Aqui, em nossa terrinha, "Abençoada por Deus", é comum a perseguição e a justiça pelas próprias mãos. Muitos defentem a pena de morte, e a justificam pelo exemplo, isto é, que os potenciais transgressores da ordem pensariam duas vezes antes de cometerem seus atos tresloucados, sabendo a gravidade da pena a que estariam sujeitas.

Isto não é verdade. Uma pessoa que comete um crime hediondo, especialmente ainda se o faz em plena consciência, é um doente psicológico, independentemente das razões. Não será a perspectiva de punição que lhe tolherá a liberdade de ação. A prova existe nos EUA, onde os estados que adotaram a pena de morte não conseguiram jamais a redução dos crimes hediondos, pelo contrário, são, em geral, recordistas.

O que a pena de morte induz é a cultura da violência. Torna-se legítimo matar diante da ofensa. Alguém ofende a ordem social, e o estado, defensor da sociedade, executa o ofensor.

Ora, se é legítimo matar diante de uma ofensa, a população passa a agir desta forma. E aqueles que vivem, ou pensam viver, por sua própria lei, não terão impecilhos em ter por ofensa as coisas mais banais.

Somos bilhões. Mas há aqueles que se destacam nestes bilhões. Hitler se destacou pelas suas atrocidades.
O pai que teve seu filho assassinado e pedia pela abolição da pena de morte, aplicada ao assassino de seu filho, destaca-se por compreender inútil o remédio a que a sociedade impõe.
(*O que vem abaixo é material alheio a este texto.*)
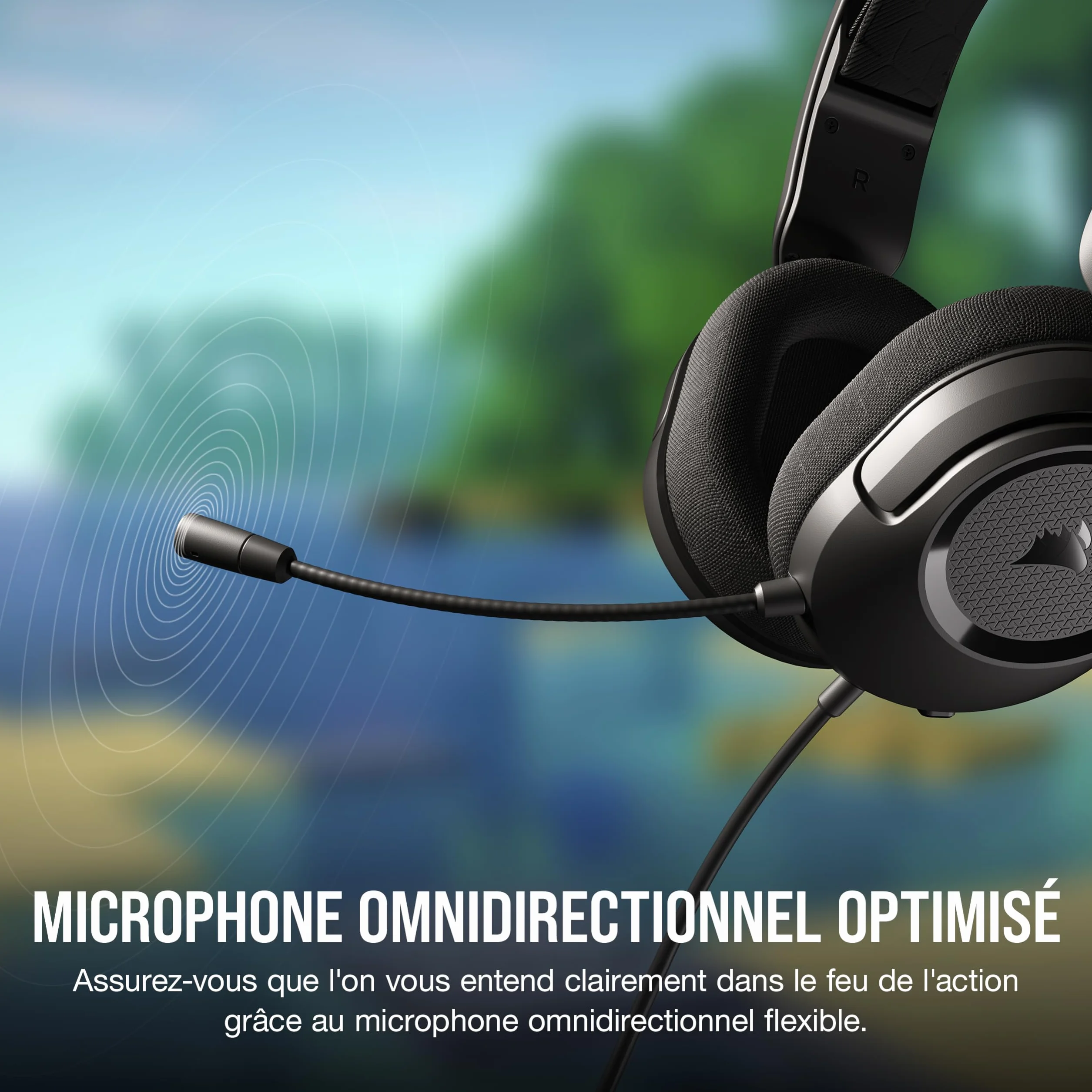 CORSAIR HS35 v2 Multiplatform Przewodowy Gamingowy Zestaw Słuchawkowy – Elastyczny Mikrofon Wszechkierunkowy – Uniwersalne Złącze 3,5 mm – PC, Mac, PS5, PS4, Xbox, Nintendo Switch, Mobilny – Carbon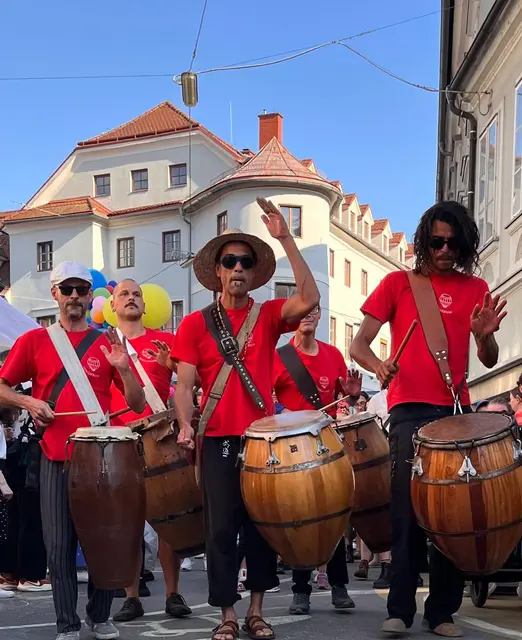 Die Trommler von "Candombe Graz" sind bei der Eröffnung der Leistungsschau am 1. Mai zu hören. | Foto: Candombe Graz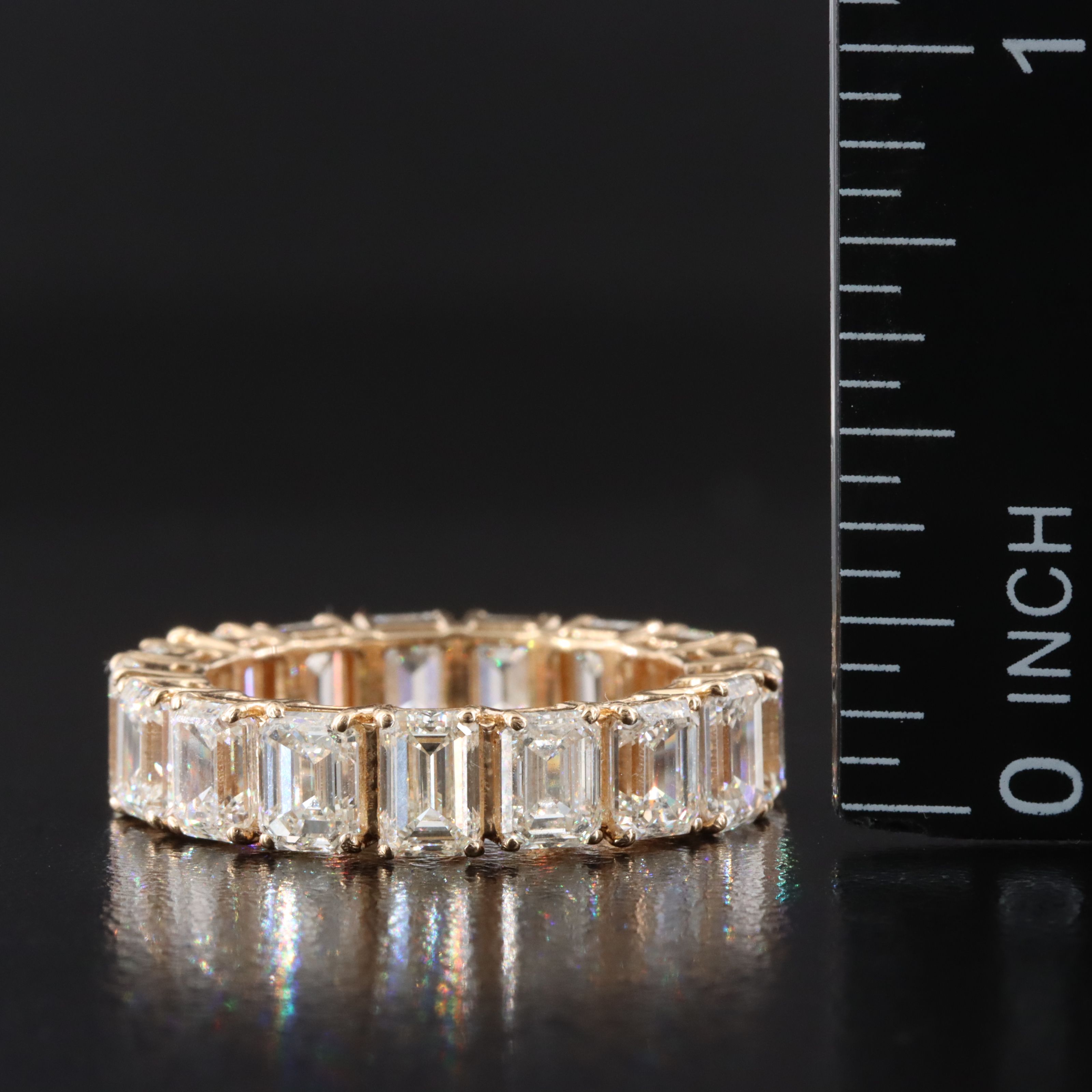 18K 6.80 CTW Diamond Eternity Band with GIA Reports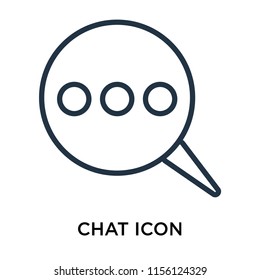 Chat icon vector isolated on white background, Chat transparent sign , line symbol or linear element design in outline style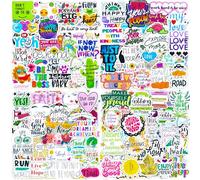Inspiradoras Frases Pegatinas 200 Stickers de Mente Citas Positivas Palabras Calcomanías Impermeable Vinilo Adhesivas Pegatinas para Movil Portátil Botella libro Scrapbooking Journal Laptop Viaje Bici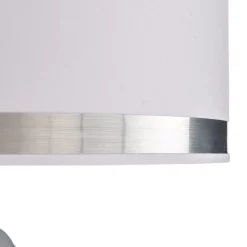 Bordlampe Lund, hvid/opal, højde 70 cm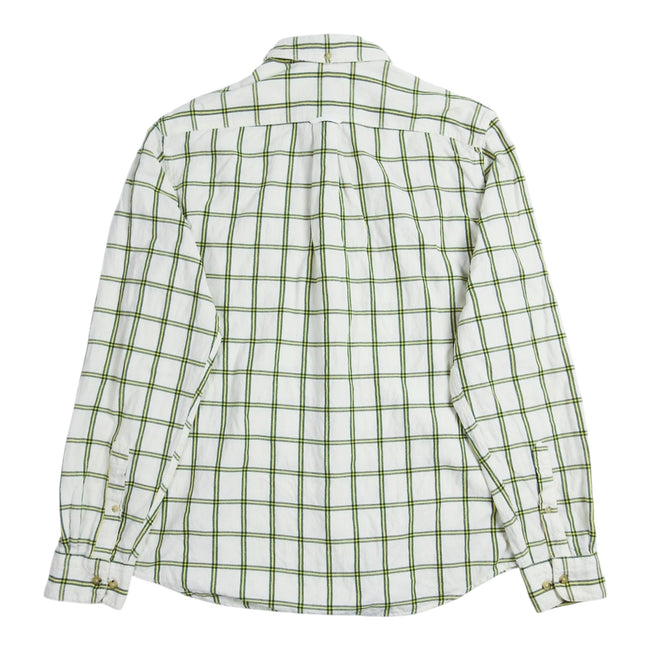 Acne Studios Green/Yellow Grid LS Shirt Size 50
A pena de morte é o decreto de falência da responsabilidade social do estado para com os seus cidadães. E o estado não é um ente real, não é um ser, é uma estrutura abstrata que existe com a única função de servir à cidadania. Enterra o problema no quintal, varre-o para baixo do tapete, mas não tenta resolvê-lo.

Somos inumeráveis. Somos bilhões. Somos únicos. Somos assassinados, alguns pouco a pouco, outros pelos desvairados nas esquinas, e outros ainda, por aqueles que deveriam os proteger.

Há muito a ser feito. Mas volto no ponto: nunca se fez tanto bem na terra. Os crimes hediondos que hoje nos chocam e são cometidos na obscuridade, antigamente ocorriam a luz do dia, e ninguém se importava com eles, aliás, alguns eram espetáculo grosseiro, onde se ria do sofrimento daquele que, sendo único, poderia ser qualquer um de nós.